--- DATA ---

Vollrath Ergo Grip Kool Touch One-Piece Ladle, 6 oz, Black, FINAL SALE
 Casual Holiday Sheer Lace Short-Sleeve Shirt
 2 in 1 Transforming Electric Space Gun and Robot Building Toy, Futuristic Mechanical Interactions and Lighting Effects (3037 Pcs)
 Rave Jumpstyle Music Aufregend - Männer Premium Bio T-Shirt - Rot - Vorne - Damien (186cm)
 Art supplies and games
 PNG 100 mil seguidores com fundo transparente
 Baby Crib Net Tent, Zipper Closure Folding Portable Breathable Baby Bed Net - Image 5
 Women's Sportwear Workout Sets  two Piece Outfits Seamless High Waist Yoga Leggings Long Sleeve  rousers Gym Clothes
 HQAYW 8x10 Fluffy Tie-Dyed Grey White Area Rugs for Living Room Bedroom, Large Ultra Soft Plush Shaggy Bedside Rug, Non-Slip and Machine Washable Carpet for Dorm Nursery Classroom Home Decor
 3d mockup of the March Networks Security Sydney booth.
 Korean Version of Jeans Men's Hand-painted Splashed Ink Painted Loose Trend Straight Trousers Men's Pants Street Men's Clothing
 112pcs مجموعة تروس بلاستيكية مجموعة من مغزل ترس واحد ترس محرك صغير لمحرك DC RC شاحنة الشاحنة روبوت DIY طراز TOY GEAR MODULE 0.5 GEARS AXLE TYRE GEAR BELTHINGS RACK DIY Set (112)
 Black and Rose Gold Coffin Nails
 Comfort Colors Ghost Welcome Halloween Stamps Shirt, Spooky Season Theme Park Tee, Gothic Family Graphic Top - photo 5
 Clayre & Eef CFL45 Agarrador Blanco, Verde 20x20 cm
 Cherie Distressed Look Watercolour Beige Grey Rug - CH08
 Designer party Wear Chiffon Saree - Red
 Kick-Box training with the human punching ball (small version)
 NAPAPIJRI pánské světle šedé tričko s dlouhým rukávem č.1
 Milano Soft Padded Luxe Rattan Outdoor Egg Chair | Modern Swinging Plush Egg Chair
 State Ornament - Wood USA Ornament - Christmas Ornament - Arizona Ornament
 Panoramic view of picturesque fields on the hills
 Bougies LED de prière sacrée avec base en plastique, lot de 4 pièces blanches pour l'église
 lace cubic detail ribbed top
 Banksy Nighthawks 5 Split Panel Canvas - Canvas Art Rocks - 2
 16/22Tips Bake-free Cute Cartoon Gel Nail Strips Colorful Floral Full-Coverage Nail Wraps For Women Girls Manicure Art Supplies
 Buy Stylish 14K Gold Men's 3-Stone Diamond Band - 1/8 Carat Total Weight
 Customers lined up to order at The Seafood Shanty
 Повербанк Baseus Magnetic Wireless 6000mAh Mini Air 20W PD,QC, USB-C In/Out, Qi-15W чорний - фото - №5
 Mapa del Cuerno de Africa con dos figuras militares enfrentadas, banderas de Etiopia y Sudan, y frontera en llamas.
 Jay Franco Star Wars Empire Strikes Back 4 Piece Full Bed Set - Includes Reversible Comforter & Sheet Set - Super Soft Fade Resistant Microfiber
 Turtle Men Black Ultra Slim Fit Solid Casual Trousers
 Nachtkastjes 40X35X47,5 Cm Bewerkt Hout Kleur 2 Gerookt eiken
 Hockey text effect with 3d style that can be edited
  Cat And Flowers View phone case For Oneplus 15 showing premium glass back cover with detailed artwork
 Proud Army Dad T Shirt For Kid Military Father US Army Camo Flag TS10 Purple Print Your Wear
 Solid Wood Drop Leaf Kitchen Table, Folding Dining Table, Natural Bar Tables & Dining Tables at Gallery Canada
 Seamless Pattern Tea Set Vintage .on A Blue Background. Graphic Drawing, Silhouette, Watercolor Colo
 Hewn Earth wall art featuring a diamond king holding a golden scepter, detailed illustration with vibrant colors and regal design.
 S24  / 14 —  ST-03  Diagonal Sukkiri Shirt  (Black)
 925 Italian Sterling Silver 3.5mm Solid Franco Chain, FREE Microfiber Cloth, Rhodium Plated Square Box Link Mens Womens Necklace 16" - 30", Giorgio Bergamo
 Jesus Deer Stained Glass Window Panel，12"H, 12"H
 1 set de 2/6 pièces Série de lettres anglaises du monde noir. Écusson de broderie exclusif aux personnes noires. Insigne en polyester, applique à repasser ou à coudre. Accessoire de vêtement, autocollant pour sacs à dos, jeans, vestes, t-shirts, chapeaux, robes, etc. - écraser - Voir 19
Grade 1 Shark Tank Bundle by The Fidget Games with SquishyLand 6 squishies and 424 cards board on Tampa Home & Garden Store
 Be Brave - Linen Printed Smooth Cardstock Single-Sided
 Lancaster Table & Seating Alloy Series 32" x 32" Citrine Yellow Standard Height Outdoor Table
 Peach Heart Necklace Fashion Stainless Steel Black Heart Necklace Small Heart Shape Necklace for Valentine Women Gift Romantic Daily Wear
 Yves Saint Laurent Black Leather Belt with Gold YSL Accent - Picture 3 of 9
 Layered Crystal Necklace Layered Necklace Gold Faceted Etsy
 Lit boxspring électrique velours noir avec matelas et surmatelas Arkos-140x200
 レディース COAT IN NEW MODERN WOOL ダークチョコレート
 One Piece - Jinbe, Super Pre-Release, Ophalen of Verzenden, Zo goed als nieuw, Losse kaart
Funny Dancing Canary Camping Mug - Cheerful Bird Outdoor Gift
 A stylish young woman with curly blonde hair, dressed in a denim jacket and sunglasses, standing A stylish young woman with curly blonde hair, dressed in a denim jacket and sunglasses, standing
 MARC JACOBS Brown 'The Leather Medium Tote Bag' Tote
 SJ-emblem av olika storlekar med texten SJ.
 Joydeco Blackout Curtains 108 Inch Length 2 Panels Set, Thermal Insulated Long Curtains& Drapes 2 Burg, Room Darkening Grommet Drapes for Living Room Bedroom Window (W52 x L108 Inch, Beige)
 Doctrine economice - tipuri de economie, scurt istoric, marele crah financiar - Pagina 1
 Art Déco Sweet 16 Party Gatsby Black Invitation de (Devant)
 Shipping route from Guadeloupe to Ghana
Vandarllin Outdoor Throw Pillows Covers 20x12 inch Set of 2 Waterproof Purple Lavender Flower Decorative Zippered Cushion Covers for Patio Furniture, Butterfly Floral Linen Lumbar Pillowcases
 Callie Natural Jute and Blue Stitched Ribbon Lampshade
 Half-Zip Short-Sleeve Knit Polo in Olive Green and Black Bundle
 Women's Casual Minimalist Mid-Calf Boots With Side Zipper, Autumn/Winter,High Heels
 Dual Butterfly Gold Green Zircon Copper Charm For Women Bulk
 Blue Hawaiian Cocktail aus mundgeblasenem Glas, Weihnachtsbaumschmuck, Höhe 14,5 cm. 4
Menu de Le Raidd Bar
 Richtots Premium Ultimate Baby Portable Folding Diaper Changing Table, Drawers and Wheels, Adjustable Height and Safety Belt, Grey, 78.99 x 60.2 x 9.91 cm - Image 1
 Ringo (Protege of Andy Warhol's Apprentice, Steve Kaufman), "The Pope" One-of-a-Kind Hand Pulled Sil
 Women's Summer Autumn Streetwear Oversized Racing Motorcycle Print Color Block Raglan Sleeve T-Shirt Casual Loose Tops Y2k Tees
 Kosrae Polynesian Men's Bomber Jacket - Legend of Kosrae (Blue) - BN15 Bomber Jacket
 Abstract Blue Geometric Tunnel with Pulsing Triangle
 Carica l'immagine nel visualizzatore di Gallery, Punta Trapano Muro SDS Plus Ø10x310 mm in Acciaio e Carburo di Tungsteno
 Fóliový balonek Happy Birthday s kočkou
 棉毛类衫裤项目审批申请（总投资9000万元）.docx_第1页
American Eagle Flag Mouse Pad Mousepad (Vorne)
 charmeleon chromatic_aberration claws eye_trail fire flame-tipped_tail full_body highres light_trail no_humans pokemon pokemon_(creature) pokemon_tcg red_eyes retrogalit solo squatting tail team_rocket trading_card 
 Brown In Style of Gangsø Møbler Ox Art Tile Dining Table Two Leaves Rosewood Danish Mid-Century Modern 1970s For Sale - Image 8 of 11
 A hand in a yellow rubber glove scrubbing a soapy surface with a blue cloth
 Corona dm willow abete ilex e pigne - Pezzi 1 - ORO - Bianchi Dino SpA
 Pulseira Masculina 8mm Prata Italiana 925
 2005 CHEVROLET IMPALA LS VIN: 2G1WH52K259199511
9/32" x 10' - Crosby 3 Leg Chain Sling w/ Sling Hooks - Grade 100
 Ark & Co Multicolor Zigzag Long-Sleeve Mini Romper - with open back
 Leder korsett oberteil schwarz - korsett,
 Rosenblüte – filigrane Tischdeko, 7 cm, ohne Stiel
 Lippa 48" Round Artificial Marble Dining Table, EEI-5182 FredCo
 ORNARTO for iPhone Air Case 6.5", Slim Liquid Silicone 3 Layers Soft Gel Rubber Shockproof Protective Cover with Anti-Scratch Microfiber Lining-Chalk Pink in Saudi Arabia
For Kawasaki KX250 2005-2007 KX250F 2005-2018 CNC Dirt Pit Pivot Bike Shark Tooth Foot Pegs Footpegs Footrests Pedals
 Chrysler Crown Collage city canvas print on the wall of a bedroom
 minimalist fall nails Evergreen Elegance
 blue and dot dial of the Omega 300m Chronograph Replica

---

### EXERCISE AIM
Look above for the line containing "sunglasses, standing A" and the line containing "Joydeco Blackout Curtains". Transcribe both, with the lines between them, exactly.

### WRITTEN REPLY
 A stylish young woman with curly blonde hair, dressed in a denim jacket and sunglasses, standing A stylish young woman with curly blonde hair, dressed in a denim jacket and sunglasses, standing
 MARC JACOBS Brown 'The Leather Medium Tote Bag' Tote
 SJ-emblem av olika storlekar med texten SJ.
 Joydeco Blackout Curtains 108 Inch Length 2 Panels Set, Thermal Insulated Long Curtains& Drapes 2 Burg, Room Darkening Grommet Drapes for Living Room Bedroom Window (W52 x L108 Inch, Beige)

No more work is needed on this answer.